◆ Assignment
Pictures stay out of the copy. Transcribe exactly, and only, the line with "this 1200×630 image." through the last line of the entries below.

◆ Supplied material
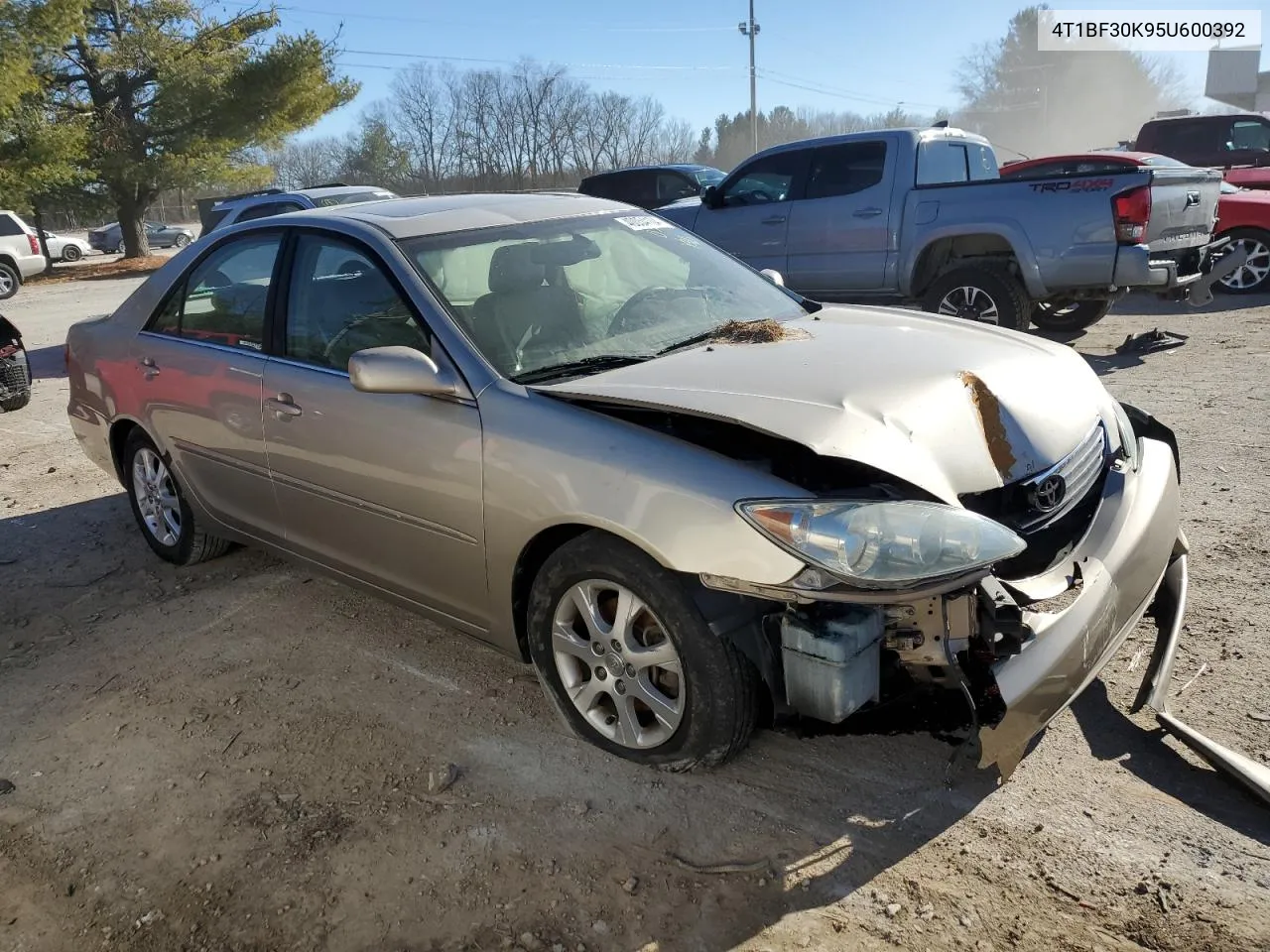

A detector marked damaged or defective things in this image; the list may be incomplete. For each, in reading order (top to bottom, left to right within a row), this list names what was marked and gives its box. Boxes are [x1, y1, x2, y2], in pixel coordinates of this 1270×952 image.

crumpled hood [536, 309, 1122, 508]
broken headlight [741, 500, 1026, 588]
detached bumper piece [1137, 555, 1270, 807]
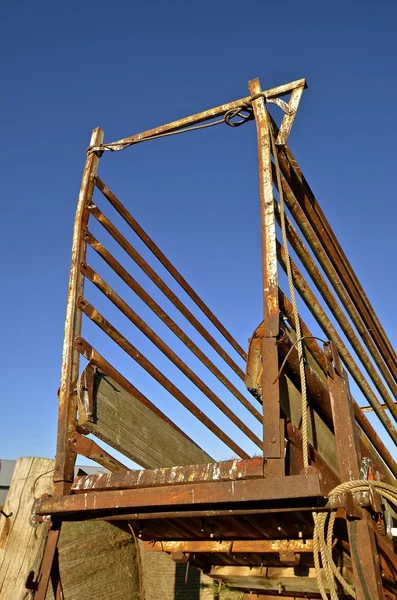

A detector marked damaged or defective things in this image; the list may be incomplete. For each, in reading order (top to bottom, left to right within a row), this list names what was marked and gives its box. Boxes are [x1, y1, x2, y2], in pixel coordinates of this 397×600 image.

rusted steel beam [89, 78, 306, 154]
rusted steel beam [54, 126, 103, 492]
rusted steel beam [66, 432, 125, 474]
rusted steel beam [75, 300, 248, 460]
rusted steel beam [87, 209, 244, 380]
rusted steel beam [71, 460, 264, 492]
rusted steel beam [94, 176, 246, 358]
rusted steel beam [79, 264, 262, 448]
rusted steel beam [82, 232, 262, 420]
rusted steel beam [33, 474, 324, 516]
rusty metal livestock chute [31, 77, 396, 596]
rusted steel beam [249, 76, 284, 468]
rusted steel beam [270, 134, 396, 382]
rusted steel beam [274, 198, 396, 418]
rusted steel beam [276, 240, 396, 446]
rusted steel beam [276, 326, 396, 480]
rusted steel beam [324, 344, 386, 600]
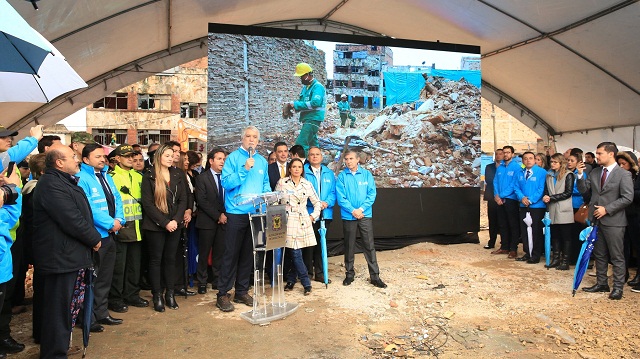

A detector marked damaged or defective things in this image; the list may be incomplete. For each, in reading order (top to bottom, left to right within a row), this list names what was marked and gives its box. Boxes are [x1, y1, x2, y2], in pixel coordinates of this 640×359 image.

damaged concrete building [328, 43, 392, 109]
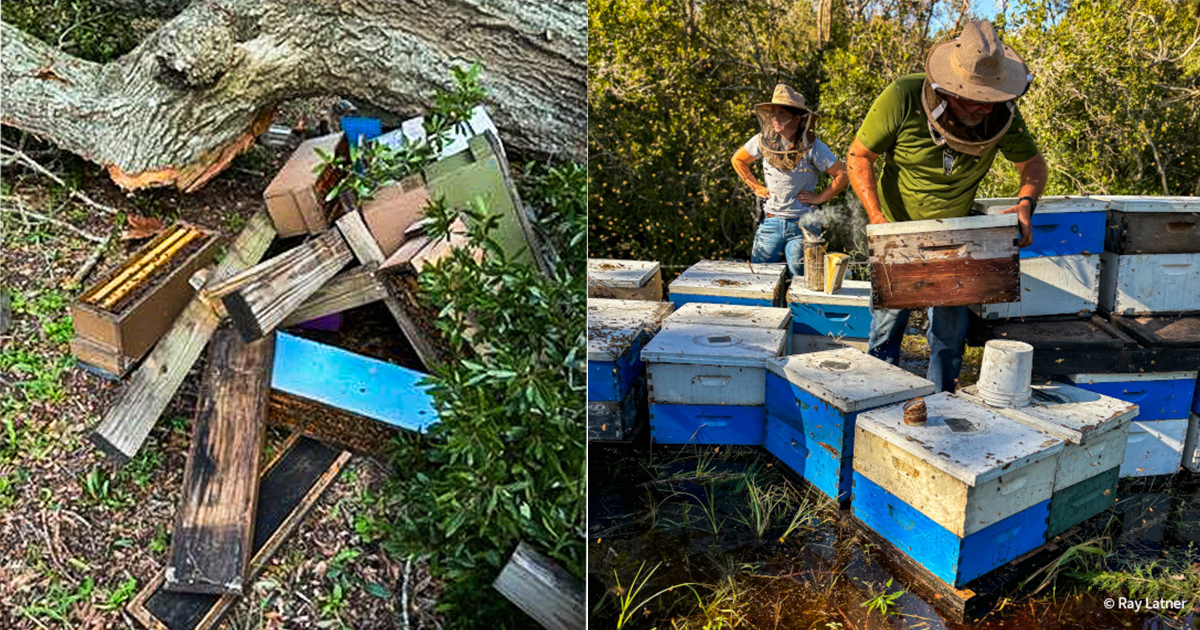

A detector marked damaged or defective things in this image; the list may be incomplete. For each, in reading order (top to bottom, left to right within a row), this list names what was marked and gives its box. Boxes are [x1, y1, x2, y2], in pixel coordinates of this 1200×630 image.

broken wooden board [70, 222, 222, 376]
broken wooden board [91, 211, 276, 460]
broken wooden board [220, 228, 352, 340]
broken wooden board [276, 262, 384, 326]
broken wooden board [272, 331, 441, 429]
broken wooden board [336, 211, 444, 369]
broken wooden board [868, 214, 1017, 307]
broken wooden board [164, 328, 274, 595]
broken wooden board [126, 432, 350, 628]
broken wooden board [494, 540, 583, 628]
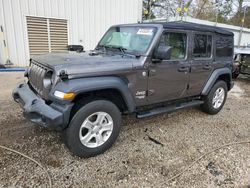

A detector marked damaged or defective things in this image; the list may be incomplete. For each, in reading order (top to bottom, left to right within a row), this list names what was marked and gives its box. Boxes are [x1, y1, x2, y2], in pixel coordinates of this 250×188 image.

damaged front bumper [12, 81, 73, 130]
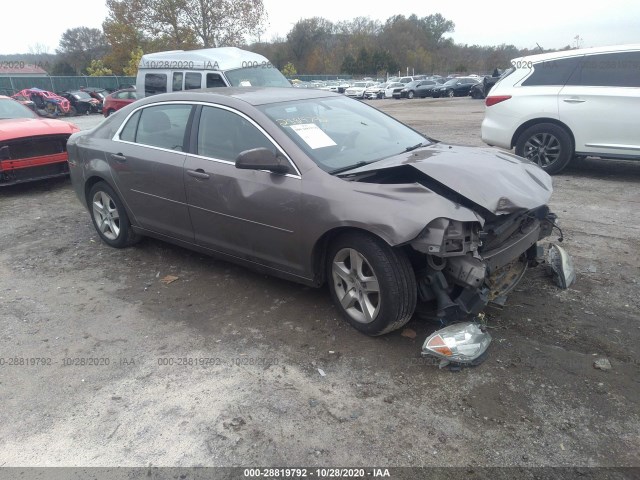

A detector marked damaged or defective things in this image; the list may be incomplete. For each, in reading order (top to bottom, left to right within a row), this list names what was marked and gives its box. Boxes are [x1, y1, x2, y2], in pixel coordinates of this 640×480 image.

crumpled hood [0, 117, 79, 140]
damaged gray sedan [69, 87, 560, 334]
crumpled hood [348, 142, 552, 214]
detached headlight on ground [422, 322, 492, 368]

◆ Task solution
A detector marked damaged or defective things in this image; the list may be incomplete. For each, in reading order (top to bottom, left to right within a row), this list names what was marked and gives its box. Boxes are [x1, y1, x2, y2], in pixel coordinates of this 1200×630 image.

broken wooden board [70, 222, 222, 376]
broken wooden board [91, 211, 276, 460]
broken wooden board [220, 228, 352, 340]
broken wooden board [276, 262, 384, 326]
broken wooden board [272, 331, 441, 429]
broken wooden board [336, 211, 444, 369]
broken wooden board [868, 214, 1017, 307]
broken wooden board [164, 328, 274, 595]
broken wooden board [126, 432, 350, 628]
broken wooden board [494, 540, 583, 628]

A detector marked damaged or defective things in this image; the list may be incomplete. For each, in reading order (top to bottom, left to right within a row), this list names what was marked and gives its box. Boxes are [x1, y1, x2, y2], in pixel coordinates of this 250×188 image.

damaged front bumper [12, 81, 73, 130]

A detector marked damaged or defective things in this image; the list may be incomplete. For each, in reading order (top to bottom, left to right within a row), this list names what was marked and gives its box. Boxes are [x1, y1, x2, y2], in pixel coordinates of this 640×480 image.

crumpled hood [0, 117, 79, 140]
damaged gray sedan [69, 87, 560, 334]
crumpled hood [348, 142, 552, 214]
detached headlight on ground [422, 322, 492, 368]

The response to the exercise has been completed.